── Records for this task

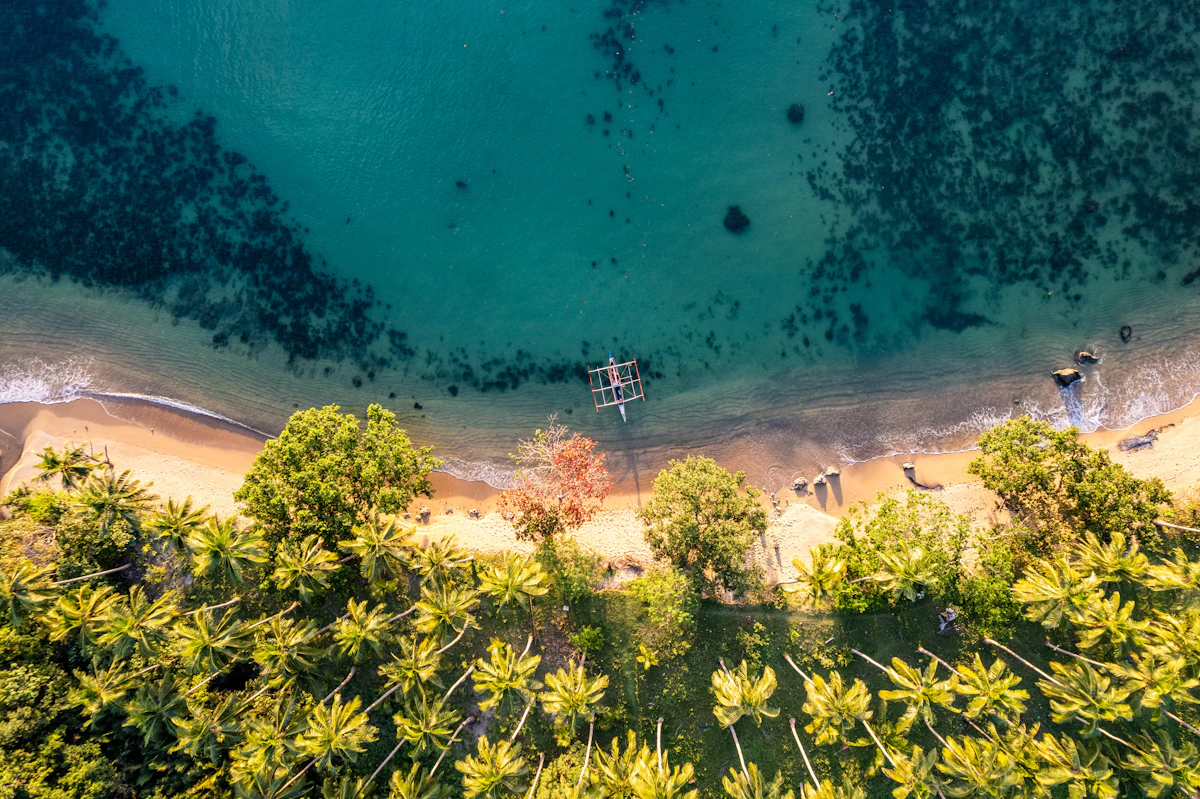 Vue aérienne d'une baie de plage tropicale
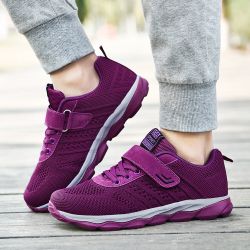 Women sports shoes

────
── Records for this task

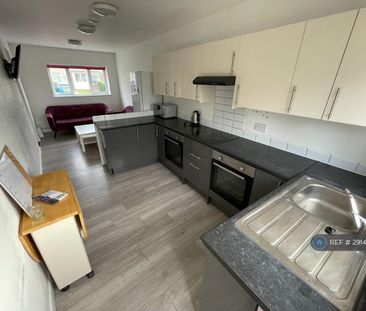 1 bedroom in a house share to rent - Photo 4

────

## Directions for this task:
In the entries above, find the line containing "Vue aérienne d'une baie de plage tropicale" and the line containing "Women sports shoes"; give again exactly those two lines and every line between them, minus the pictures.

## Solution to this exercise:
 Vue aérienne d'une baie de plage tropicale
 Women sports shoes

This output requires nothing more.